Today, the North Carolina Supreme Court issued opinions and rulings on petitions. Readers of this blog will find at least one of the opinions and one of the petition rulings interesting.
First, in Dallaire v. Bank of America, the Supreme Court held that “[o]rdinary borrower-lender transactions . . . do not typically give rise to fiduciary duties.” The court went on to hold that “borrowers and lenders are generally bound only by the terms of their contract and the Uniform Commercial Code.” Slip op. at 8.
Although Dallaire did not involve a claim under N.C. Gen. Stat. § 75-1.1, the decision is likely to affect future section 75-1.1 cases. After all, courts have often held that breaches of fiduciary duties state a claim under section 75-1.1. By significantly scaling back fiduciary-duty claims between lenders and borrowers, the court closed some routes to section 75-1.1 claims as well. Plaintiffs and defendants need to be aware that this subcategory of 75-1.1 claim is fading, at least in the lender-borrower context.
The court left an opening for plaintiffs to prevail in exceptional cases.
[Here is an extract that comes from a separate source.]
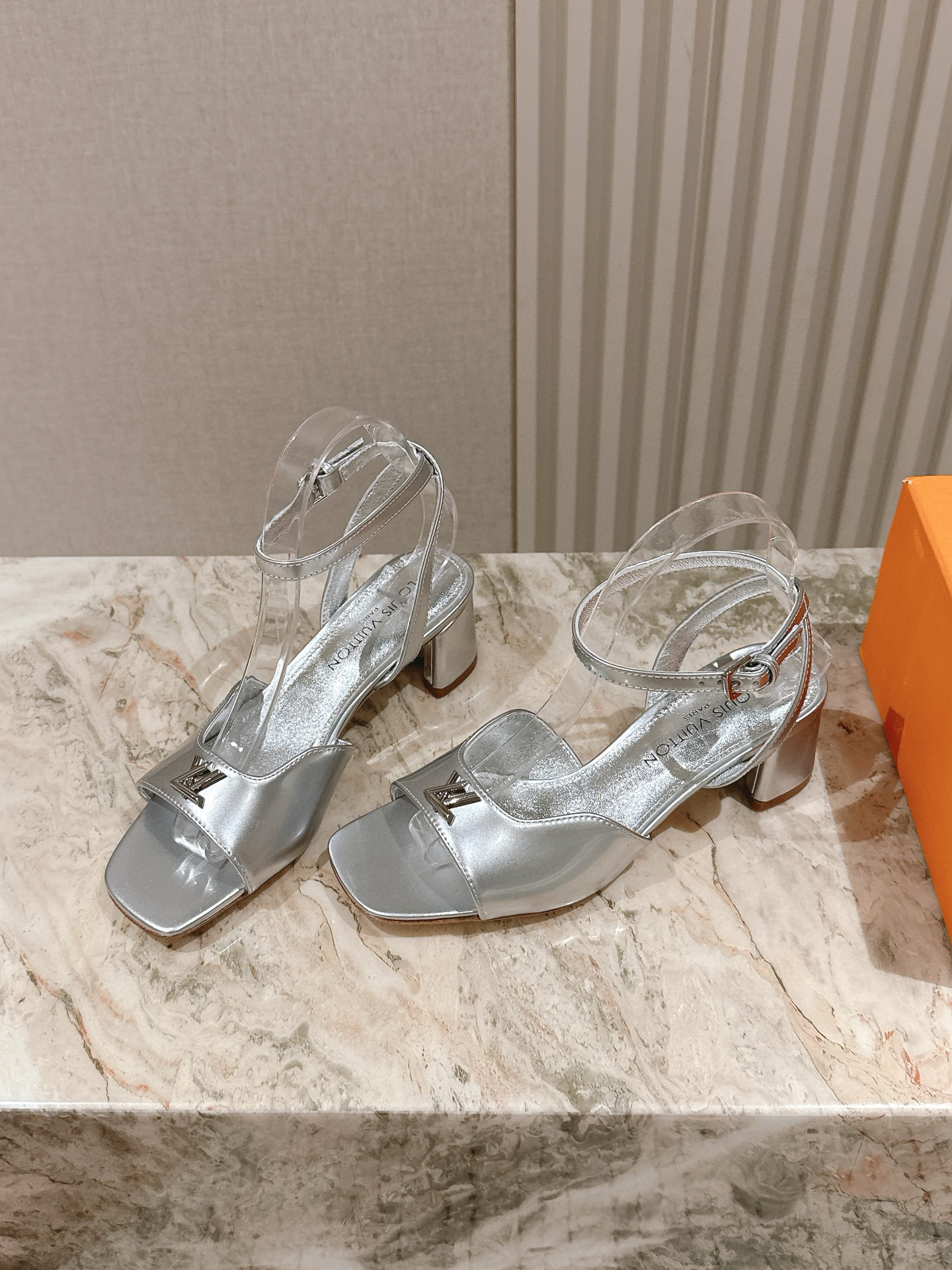 루이비통 여자 샌들 5.5cm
The opinion states: “[I]t is possible, at least theoretically, for a particular bank-customer transaction” to give rise to a fiduciary duty. Slip op. at 9. The court, however, did not outline what circumstances might make up such a case. It simply ruled that the Dallaires had not forecast evidence of that exceptional type. Thus, the court remanded the case for summary judgment in the bank’s favor.
Second, in Torrence v. Nationwide Budget Finance, the Supreme Court denied review of a decision that compelled arbitration of a putative class action under section 75-1.1.
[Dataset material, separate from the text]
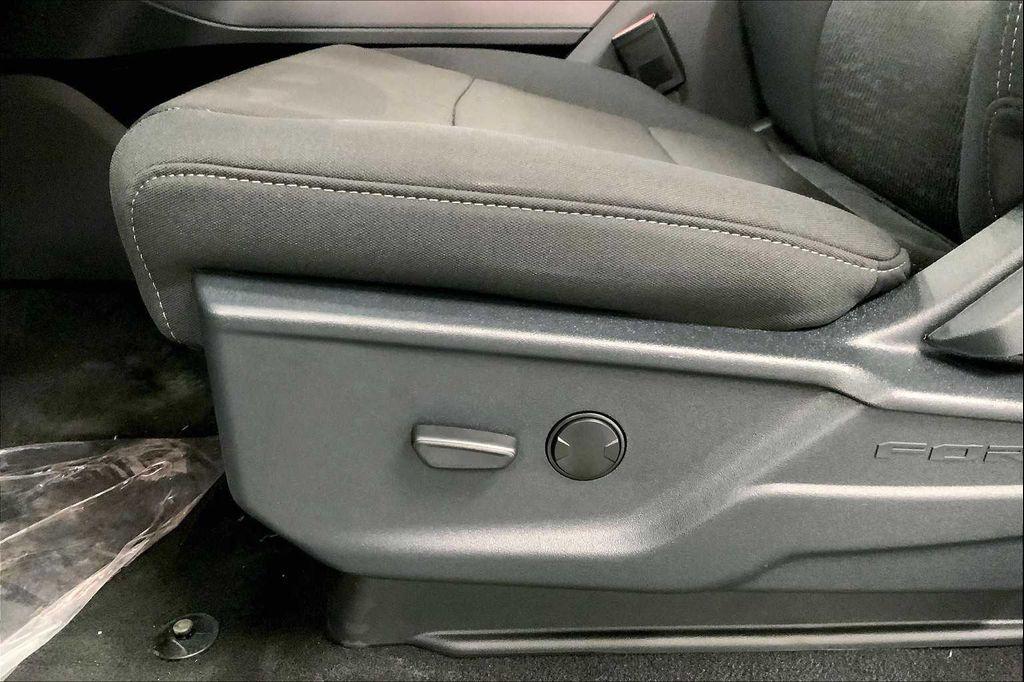 new 2025 Ford F-150 car, priced at $45,612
Torrence involves disputes over so-called payday lending. In 2008, in Tillman v. Commercial Credit Loans, a sharply divided North Carolina Supreme Court had held that agreements to arbitrate at least some disputes over consumer loans are unconscionable.
In post-Tillman decisions, however, the United States Supreme Court has held that the Federal Arbitration Act and its broad pro-arbitration policies preempt state unconscionability doctrine.
In Torrence, then, the North Carolina Court of Appeals was facing conflicting decisions from its boss and from its boss’s boss (on issues of federal law). Because federal preemption is an issue of federal law, on which the United States Supreme Court has the last word, the Court of Appeals followed the word of that Court. The Court of Appeals held: “The United States Supreme Court‘s position is explicit—where the [Federal Arbitration Act] governs, state laws (including Tillman) cannot carve out exceptions” to the federal policy in favor of arbitration.
Today, by denying review of the decision of the Court of Appeals, the North Carolina Supreme Court let this unexceptional — but important — ruling stand. This ruling continues recent trends in favor of arbitration, and against class actions, as ways of resolving section 75-1.1 cases.
Two disclosures: (1) Our firm, with co-counsel, represents the prevailing defendants in Torrence. (2) To allow an immediate report on these decisions, I have boiled the cases down to their essence (from a 75-1.1 perspective). When you read the opinions, you will notice details that I’m omitting here.